Producer: William Frye.
Boris Karloff’s Introduction: “What you have witnessed, my friends, was of course a dream. But was it a fearful dream of self destruction? A dark premonition of murder? Or was it one of those nightmares which means just the opposite of what they seem? Well, as sure as my name is Boris Karloff, you’re going to find out, And in doing so, you’ll meet an attractive family named Farrington. Marian, Bert, and Dick Farrington. In fact, that’s the title of our story: An Attractive Family. There’s nothing one could dislike about them, unless you object to the fact that they occasionally commit a casual murder. Of course, you really shouldn’t object to that. Afterall, they only do it when it’s absolutely necessary. But then, I’ll let you form your own opinion. And now, permit me to introduce our players. They are: Richard Long, Joan Tetzel, Otto Kruger, Leo G. Carroll, and Joyce Bulifant. Remember, no hasty judgments! I’m sure there are several attractive families living on the same block... right there with you. That’s a shocking thought, wouldn’t you say?

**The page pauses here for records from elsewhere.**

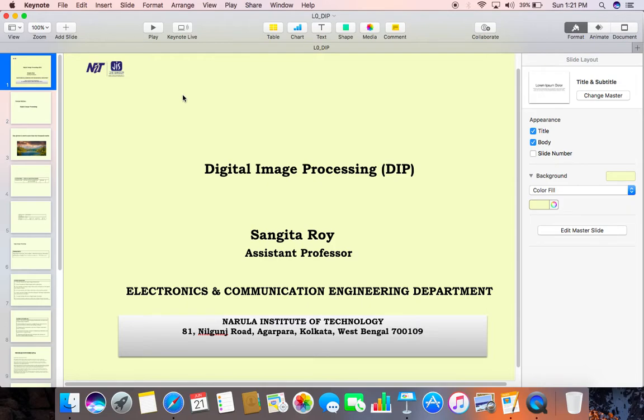Today we are going to present Digital Image Processing by Shongita Roy, Assistant Professor, Electronics and Communication Engineering Department, Narula Institute of Technology.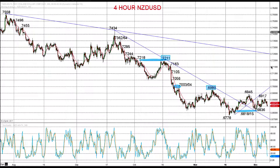Hi there, this is Steve Miley, the Market Chartist on behalf of forextraders.com. We're now going to take a look at the New Zealand and Australian dollars, both against the US dollar. Both are in consolidation phases, but we still think these are negative consolidation phases, and we're looking for the underlying bearish themes for both the New Zealand dollar and the Australian dollar versus the US dollar to extend.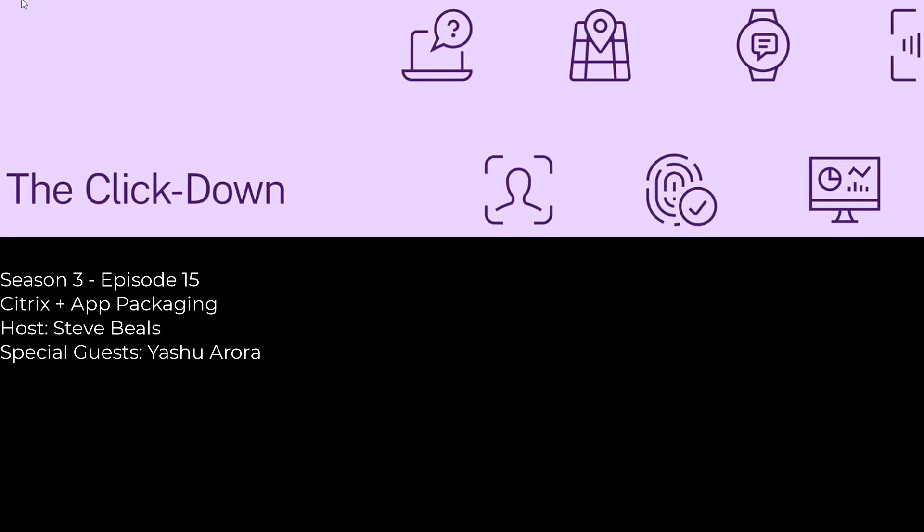That sounds like a great feature enhancement there. So when we think about the admin side of things, what should our admins keep in mind when they're starting to use these and pilot these changes with Citrix functional levels and things of that nature?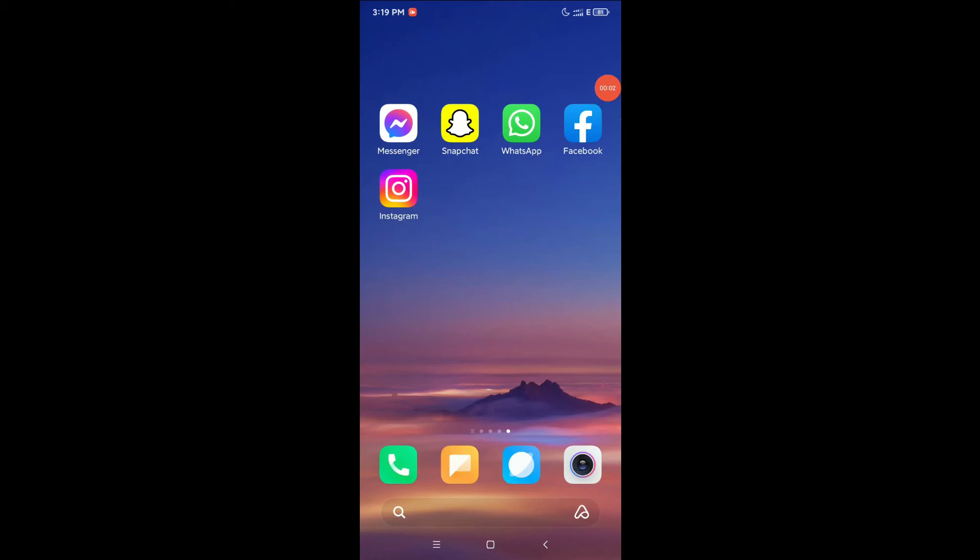Hello everyone, welcome back to my channel. Today in this video I'm going to show you how to use two Instagram applications in your Android device. So let's begin our video. Here you can see I already have one Instagram app.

Synopsis: Virginia Wells (Joyce Bulifant - Marie from the MARY TYLER MOORE SHOW) runs up to a gated old mansion with a sculpture garden and... the statues tell her to come up to the house! The Bates House from PSYCHO. She climbs the stairs, enters the house... which is filled with cobwebs and vacant. The statues inside tell her to go up the stairs... to do what she has to do, what she came to do... She climbs the spooky stairs, covered with cobwebs, to a door. Inside the room - a noose hangs from the ceiling with a chair underneath it... waiting for her. The voices tell her to do what she came here to do. A trio of shadows on the wall tell her she must do it. The shadows tell her that if she does it she will be at peace, like Alice. And she hangs herself!

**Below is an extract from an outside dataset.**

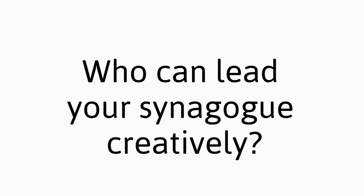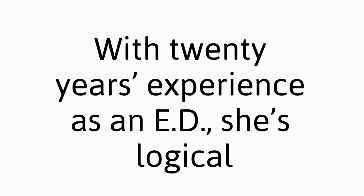Who can lead your synagogue creatively? With 20 years experience as an ED, she's logical.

New England: 1947. On a beautiful lake, new bride Marian Drake (Joan Tetzel) and her wealthy new husband George (William Mims) and Marian’s brother Dicky Farrington (Richard Long from THE BIG VALLEY in super sleazy mode) decide to take a canoe ride to a picnic spot. George is afraid of the water, can’t swim, and Marian makes a joke about he even shied away from Niagra Falls on their honeymoon. The local guy who rents them the canoe mentions that, although the lake is supposed to be bottomless, it’s actually 800 feet deep. This doesn’t make George any less afraid of the water. Marian jokes that they plan to stay on the surface, and row across the lake...
She drops her paddle in the water, asks George to grab it for her.. And he tips over the canoe in the process. Marian and Dicky grab the canoe - George panics and drowns. Well, there’s a moment where it looks like George might keep his head above water until they are rescued, so Dicky makes sure his head is below water - holding him down until he drowns.
Mexico: 1955. Dicky is the newlywed this time, his new bride is the quiet and studious Alice Wells (Diedre Owens) and they are on honeymoon, with Dicky’s Uncle Bert (Otto Kruger from MURDER MY SWEET) tagging along. Some conversation about how Alice is a lonely girl who never had a date and never expected to get married... and that she and her sister are wealthy orphans with a bank in charge of their estate. Oh, and they just made new wills and took out life insurance policies on each other - with double indemnity for accidental deaths.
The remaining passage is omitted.